Since the second Constitution was an entirely new constitutional order enforced through coercion, there is no reason a third (or fourth or fifth) Constitution could be blocked on constitutional grounds. A third Constitution would not require legitimacy based on the second Constitution any more than the second Constitution required legitimacy based on the first Constitution. Unless there is consensus, as was the case with the first Constitution, any further Constitutions would be acts of secession, as was the case with the second Constitution. The fact that we, nonetheless, accept the second Constitution as legitimate explicitly gives legitimacy to secession itself.

Neither of the constitutional orders were formed without violence. And as the second Constitution was a secession from the Articles of Confederation, the first Constitution was likewise a secession from the British Empire. There is a strong precedence of secession in American history. The Southern states weren’t wrong in affirming this right of secession. The initiation of the Civil War wasn’t done to stop secession. The federal government would not have had public support for attacking the Confederacy, if Southern rebels had not first attacked the federal government in shooting cannons at Fort Sumter. Without that initial act of violence, the South probably would have successfully seceded and so would have set a new precedent for peaceful secession.

Secession had long been part of American thought. Leaders in the Northern states had earlier discussed secession as well. That was one of the original rights of the Articles of Confederation, that the union was an agreement freely joined according to consensus of all states. The states were considered independent. That is why they were called states, in the sense of being nation-states in a union. Democracy was assumed to operate within the separate (nation-)states, as the federal government was intentionally constrained. The federal government served the states, as the states served their citizenry, not the other way around.

Ultimate authority exist within the public mandate of each local citizenry. A state seceding from the United States, as such, is no different than secession of the UK from the European Union. This is what it means to be part of a free society where citizens are free to choose their own government.

* * *

* Quoted in a comment at the Civil War Talk forum.

St. George Tucker was an American Revolution veteran, slave emancipation advocate, law professor, respected legal scholar, and federal judge.
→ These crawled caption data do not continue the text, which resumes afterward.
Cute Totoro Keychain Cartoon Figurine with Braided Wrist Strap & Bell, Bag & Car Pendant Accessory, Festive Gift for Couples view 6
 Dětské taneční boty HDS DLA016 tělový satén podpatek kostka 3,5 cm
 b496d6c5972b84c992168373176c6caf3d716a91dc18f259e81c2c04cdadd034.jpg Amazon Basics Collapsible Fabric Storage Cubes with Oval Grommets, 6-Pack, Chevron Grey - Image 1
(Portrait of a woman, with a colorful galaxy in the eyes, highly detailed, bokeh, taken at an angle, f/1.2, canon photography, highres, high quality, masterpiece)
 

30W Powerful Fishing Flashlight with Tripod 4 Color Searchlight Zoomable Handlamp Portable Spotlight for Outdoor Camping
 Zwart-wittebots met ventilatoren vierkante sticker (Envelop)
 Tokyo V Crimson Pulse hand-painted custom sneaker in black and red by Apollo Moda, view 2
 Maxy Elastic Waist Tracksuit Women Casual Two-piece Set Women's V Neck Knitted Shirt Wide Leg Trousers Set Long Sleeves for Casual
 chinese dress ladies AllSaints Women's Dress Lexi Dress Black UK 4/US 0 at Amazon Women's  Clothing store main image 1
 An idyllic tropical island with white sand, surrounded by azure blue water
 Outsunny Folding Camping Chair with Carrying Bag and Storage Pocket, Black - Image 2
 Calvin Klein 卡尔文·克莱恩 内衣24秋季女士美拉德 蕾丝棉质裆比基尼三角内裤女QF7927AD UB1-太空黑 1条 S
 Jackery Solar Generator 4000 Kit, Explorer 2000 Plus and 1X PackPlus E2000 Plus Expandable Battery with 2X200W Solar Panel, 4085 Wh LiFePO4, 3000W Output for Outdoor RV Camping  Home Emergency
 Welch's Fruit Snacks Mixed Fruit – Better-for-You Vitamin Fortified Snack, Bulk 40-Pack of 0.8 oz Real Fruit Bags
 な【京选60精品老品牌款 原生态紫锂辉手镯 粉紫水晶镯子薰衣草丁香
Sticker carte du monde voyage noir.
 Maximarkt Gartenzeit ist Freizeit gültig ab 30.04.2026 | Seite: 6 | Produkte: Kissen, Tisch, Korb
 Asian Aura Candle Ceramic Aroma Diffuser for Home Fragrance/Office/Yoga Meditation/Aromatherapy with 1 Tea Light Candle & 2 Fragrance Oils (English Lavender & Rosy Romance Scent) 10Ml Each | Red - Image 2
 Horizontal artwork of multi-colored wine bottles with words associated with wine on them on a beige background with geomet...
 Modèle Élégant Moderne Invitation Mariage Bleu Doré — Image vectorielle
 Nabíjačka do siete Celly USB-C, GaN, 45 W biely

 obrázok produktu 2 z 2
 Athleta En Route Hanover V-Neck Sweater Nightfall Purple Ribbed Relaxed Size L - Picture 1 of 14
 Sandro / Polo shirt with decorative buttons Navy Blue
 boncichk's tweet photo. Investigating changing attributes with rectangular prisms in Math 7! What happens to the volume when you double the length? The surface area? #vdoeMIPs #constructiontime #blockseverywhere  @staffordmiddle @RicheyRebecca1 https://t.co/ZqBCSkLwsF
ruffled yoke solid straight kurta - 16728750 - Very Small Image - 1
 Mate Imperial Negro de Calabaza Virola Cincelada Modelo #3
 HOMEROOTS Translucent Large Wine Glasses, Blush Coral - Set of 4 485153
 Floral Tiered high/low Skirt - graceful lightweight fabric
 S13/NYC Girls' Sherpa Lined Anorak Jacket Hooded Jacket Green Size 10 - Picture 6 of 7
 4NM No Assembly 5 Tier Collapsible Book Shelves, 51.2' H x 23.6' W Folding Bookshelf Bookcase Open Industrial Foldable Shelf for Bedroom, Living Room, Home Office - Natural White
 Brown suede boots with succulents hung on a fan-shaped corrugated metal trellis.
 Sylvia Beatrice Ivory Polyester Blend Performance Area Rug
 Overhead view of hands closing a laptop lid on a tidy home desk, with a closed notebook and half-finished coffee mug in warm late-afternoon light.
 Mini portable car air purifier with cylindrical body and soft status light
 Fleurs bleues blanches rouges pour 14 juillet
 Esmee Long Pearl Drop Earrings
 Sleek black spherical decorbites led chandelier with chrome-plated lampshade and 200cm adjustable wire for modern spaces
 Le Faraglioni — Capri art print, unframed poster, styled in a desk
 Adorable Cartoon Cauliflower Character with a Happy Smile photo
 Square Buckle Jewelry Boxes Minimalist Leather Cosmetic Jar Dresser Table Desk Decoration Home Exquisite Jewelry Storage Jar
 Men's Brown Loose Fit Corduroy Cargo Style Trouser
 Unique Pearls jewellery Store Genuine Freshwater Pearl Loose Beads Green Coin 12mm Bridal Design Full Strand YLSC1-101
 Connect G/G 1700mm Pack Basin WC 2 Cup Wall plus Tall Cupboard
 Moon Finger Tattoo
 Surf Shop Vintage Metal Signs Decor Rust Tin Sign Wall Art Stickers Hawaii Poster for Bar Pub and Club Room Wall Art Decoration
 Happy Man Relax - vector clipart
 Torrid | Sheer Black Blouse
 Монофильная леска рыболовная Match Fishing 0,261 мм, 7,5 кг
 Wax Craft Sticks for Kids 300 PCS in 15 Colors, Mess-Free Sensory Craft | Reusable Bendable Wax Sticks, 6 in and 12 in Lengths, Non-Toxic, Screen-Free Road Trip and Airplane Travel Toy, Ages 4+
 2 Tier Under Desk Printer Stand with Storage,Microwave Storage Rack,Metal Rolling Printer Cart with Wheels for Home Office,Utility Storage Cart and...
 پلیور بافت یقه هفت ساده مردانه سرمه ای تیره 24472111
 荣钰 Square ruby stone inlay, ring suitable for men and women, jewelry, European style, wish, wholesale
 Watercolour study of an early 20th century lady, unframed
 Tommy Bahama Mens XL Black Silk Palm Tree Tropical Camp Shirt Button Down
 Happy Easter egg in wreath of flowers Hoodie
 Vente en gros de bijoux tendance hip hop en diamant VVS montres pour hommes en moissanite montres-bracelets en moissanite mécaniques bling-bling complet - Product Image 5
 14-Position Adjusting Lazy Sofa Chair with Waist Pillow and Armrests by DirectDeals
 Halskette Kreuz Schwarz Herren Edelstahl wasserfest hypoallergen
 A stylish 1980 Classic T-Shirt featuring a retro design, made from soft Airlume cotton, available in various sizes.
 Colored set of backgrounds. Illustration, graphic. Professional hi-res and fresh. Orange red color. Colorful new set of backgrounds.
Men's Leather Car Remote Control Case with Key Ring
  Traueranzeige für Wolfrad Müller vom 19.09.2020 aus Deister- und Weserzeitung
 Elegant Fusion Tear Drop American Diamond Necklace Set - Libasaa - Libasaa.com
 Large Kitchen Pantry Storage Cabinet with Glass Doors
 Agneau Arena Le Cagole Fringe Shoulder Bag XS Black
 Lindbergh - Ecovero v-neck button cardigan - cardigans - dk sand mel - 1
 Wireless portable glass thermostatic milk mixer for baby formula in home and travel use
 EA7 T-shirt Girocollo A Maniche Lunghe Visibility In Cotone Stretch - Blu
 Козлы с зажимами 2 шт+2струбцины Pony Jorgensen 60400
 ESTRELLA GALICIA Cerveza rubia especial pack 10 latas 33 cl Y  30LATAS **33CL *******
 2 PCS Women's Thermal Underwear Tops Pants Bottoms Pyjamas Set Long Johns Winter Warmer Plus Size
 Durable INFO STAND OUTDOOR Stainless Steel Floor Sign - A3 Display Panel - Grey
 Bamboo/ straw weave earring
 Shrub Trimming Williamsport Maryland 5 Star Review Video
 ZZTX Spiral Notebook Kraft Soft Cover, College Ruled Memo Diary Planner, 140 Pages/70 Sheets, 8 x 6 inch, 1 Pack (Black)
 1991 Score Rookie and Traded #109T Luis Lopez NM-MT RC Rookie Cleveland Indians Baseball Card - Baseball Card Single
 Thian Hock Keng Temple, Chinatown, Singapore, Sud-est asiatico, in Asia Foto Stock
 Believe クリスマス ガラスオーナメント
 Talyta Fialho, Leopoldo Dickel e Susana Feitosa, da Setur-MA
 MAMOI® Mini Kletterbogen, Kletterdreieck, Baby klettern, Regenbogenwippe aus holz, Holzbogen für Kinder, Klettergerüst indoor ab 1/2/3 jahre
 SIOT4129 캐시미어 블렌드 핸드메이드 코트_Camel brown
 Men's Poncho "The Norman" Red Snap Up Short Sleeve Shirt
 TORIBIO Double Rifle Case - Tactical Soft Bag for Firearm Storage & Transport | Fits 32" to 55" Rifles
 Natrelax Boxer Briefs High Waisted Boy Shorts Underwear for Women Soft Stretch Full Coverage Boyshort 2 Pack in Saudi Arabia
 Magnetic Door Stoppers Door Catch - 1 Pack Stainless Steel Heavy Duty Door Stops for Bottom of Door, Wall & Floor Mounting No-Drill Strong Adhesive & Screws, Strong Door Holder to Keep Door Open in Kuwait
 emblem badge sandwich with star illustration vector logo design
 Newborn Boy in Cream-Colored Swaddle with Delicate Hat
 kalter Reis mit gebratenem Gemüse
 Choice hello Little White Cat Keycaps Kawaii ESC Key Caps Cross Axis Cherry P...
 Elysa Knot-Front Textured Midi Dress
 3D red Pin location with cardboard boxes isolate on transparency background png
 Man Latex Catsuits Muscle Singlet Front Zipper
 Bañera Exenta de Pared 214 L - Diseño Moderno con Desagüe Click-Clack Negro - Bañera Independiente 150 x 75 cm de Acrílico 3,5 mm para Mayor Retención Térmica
He wrote View of the Constitution, the first detailed commentary on the U.S. Constitution after its ratification, and Commentaries that became the most important text on early American law.

He was an Anti-Federalist (i.e., true Federalist) and a strong believer in Natural Rights. His defense of the Second Amendment was not in favor of individual rights but states rights, that is to say he saw the purpose of the public owning a gun not as a justification for vigilantism but as a way for citizens to protect their freedom against authoritarianism (Saul Cornell, St. George Tucker and the Second Amendment: original understandings and modern misunderstandings).